MATERIAL FOR THE TASK
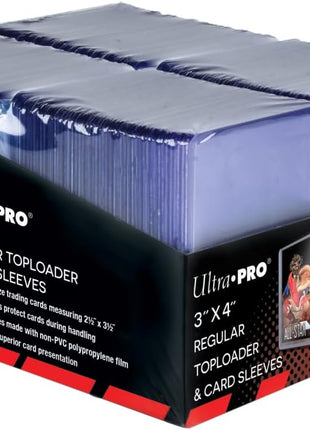 Ultra PRO 3 inch x 4 inch Clear Regular Toploaders for Cards with Card Sleeves Bundle Standard Size 200ct Trading Baseball Toploader Card Sleeve Protectors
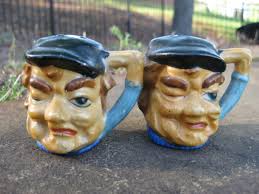 Vintage Mug Face Salt & Pepper Shakers, Old Man Winking with ...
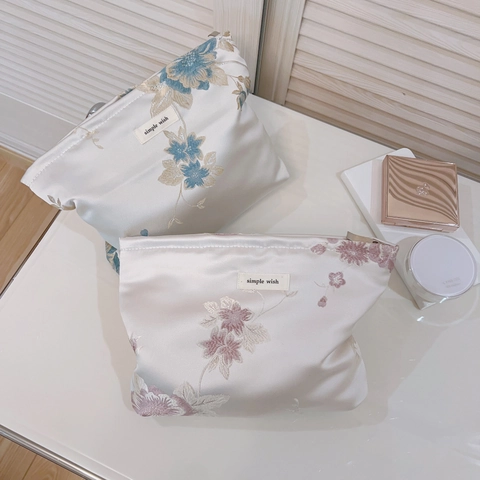 Trousse À Maquillage Broderie Florale Satin Jacquard Pochette Vintage Style Chinois Rangement Cosmétique Pour Femmes Élégante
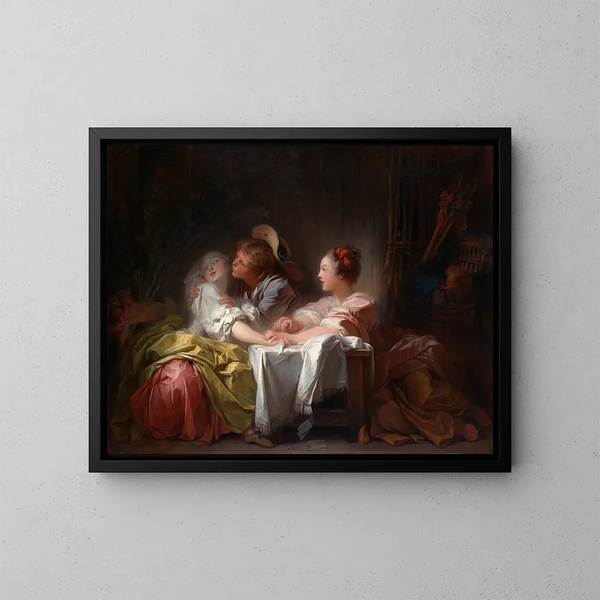 Le Baiser volé - Jean-Honoré Fragonard — inramlat konstverk på väggen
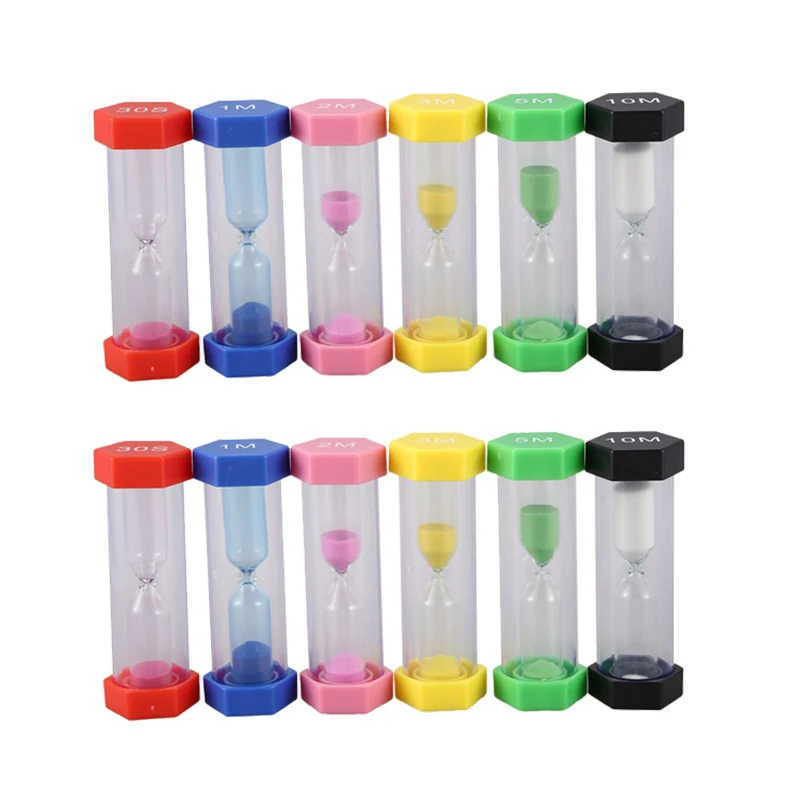 

12 Pieces Plastic Hexagon Sandglass Timer Colorful Hourglass Timer Sand Clock Timer 30Sec/1Min/2Mins/3Mins/5Mins/10Mins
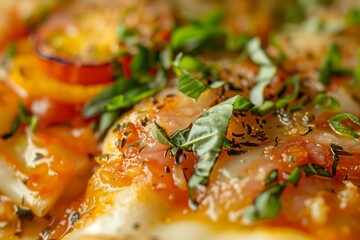 cheesy lasagna with vegetables 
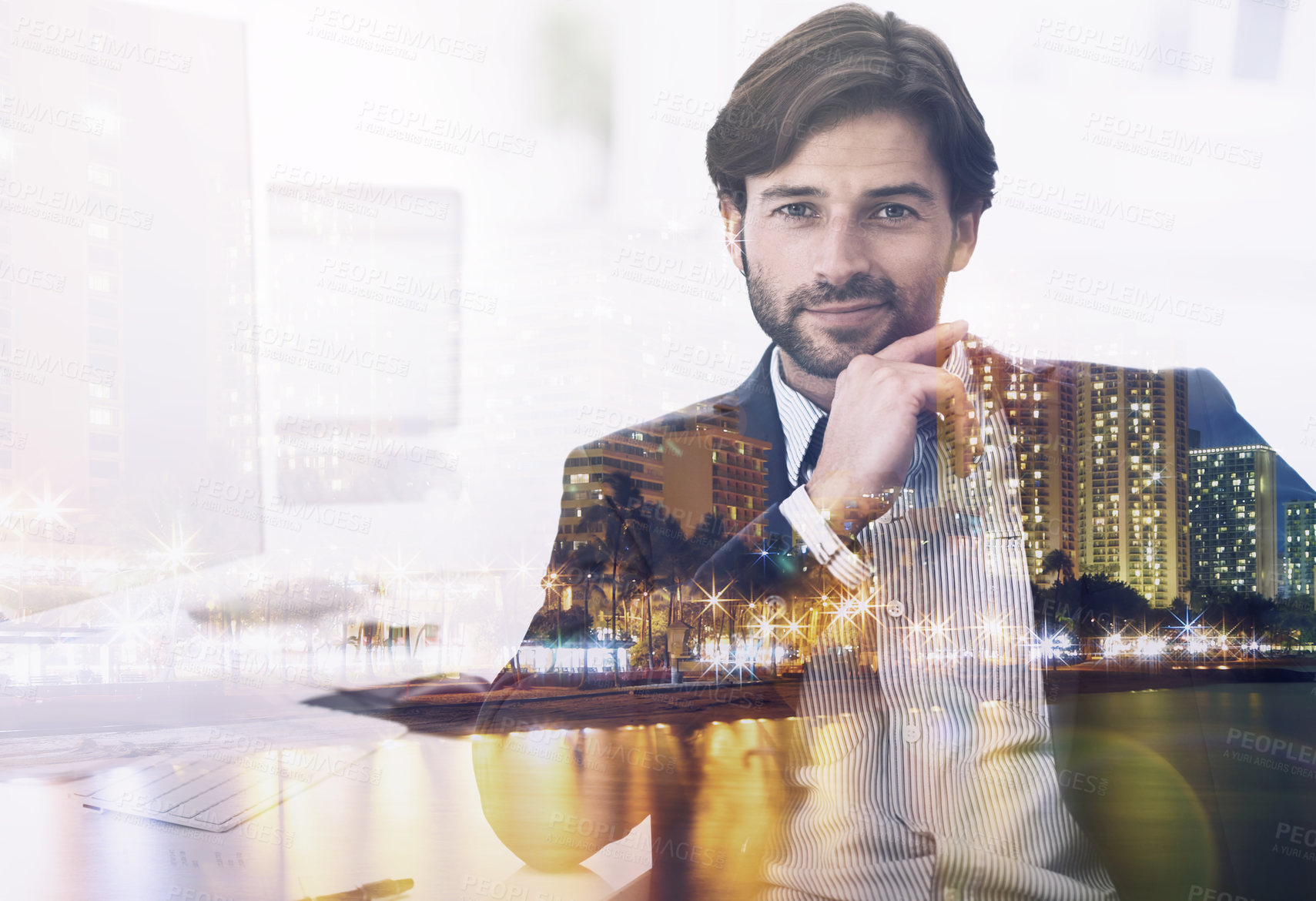 Buy stock photo Smile, portrait and businessman with city overlay in office with positive and confident attitude. Legal career, happy and professional male attorney working on case with double exposure in workplace.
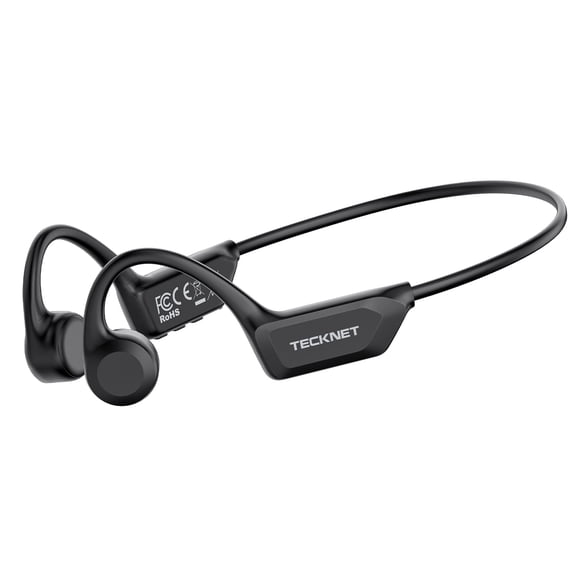 TECKNET Bone Conduction Headphones, Bluetooth V6.0 Open Ear Wireless Headphones, 10H Playtime & IPX5 Sweat Resistant, Secure Comfortable Fit Built-in Mic, Sports Earbuds for Running & Workout, Black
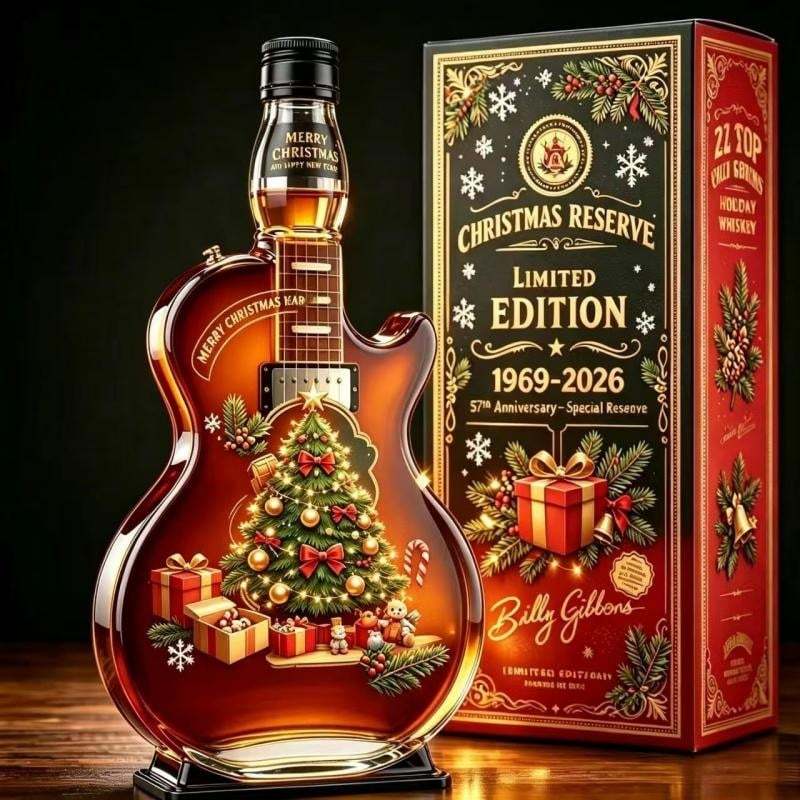🎸Limited Edition Winter Reserve Design With 3D Guitar Shape, Amber Glow Finish & Festive Holiday Artwork 🥃✨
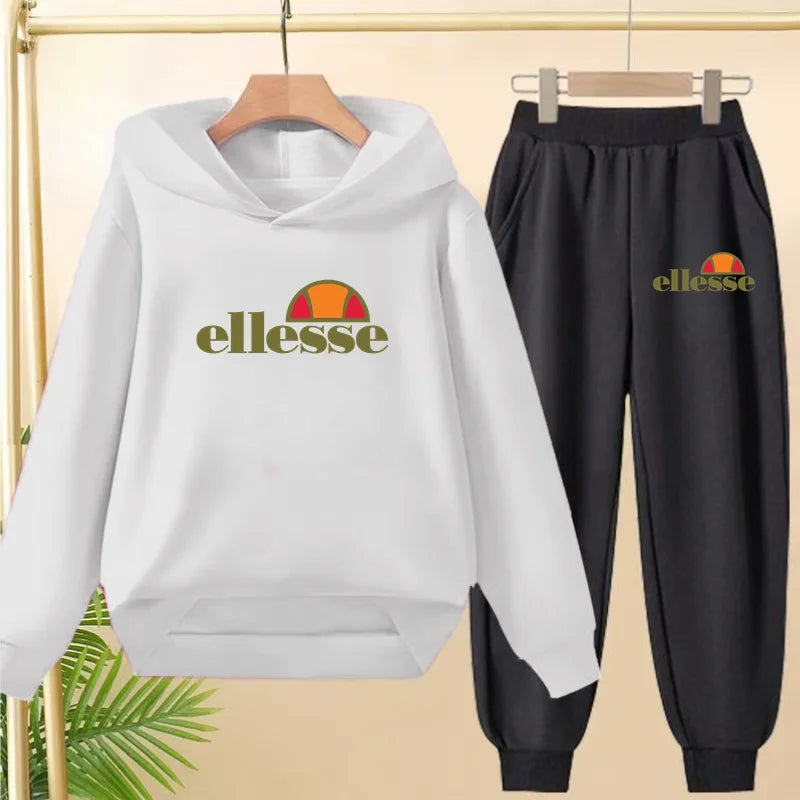 Kids Classic Fashion Top Letters Clothes Hoodie Girls Boy3-12Yrs Casual Sweatshirts+Pants Two-Piece Set Charming Coat Sports Set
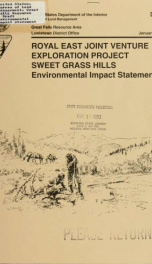 Draft environmental impact statement : Royal East joint venture exploration project, Sweet Grass Hills, Liberty County, Montana 1992_cover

EXERCISE
Return every entry above exactly. Pictures stay out.

TASK OUTPUT
 Ultra PRO 3 inch x 4 inch Clear Regular Toploaders for Cards with Card Sleeves Bundle Standard Size 200ct Trading Baseball Toploader Card Sleeve Protectors
 Vintage Mug Face Salt & Pepper Shakers, Old Man Winking with ...
 Trousse À Maquillage Broderie Florale Satin Jacquard Pochette Vintage Style Chinois Rangement Cosmétique Pour Femmes Élégante
 Le Baiser volé - Jean-Honoré Fragonard — inramlat konstverk på väggen

12 Pieces Plastic Hexagon Sandglass Timer Colorful Hourglass Timer Sand Clock Timer 30Sec/1Min/2Mins/3Mins/5Mins/10Mins
 cheesy lasagna with vegetables 
 Buy stock photo Smile, portrait and businessman with city overlay in office with positive and confident attitude. Legal career, happy and professional male attorney working on case with double exposure in workplace.
 TECKNET Bone Conduction Headphones, Bluetooth V6.0 Open Ear Wireless Headphones, 10H Playtime & IPX5 Sweat Resistant, Secure Comfortable Fit Built-in Mic, Sports Earbuds for Running & Workout, Black
🎸Limited Edition Winter Reserve Design With 3D Guitar Shape, Amber Glow Finish & Festive Holiday Artwork 🥃✨
 Kids Classic Fashion Top Letters Clothes Hoodie Girls Boy3-12Yrs Casual Sweatshirts+Pants Two-Piece Set Charming Coat Sports Set
 Draft environmental impact statement : Royal East joint venture exploration project, Sweet Grass Hills, Liberty County, Montana 1992_cover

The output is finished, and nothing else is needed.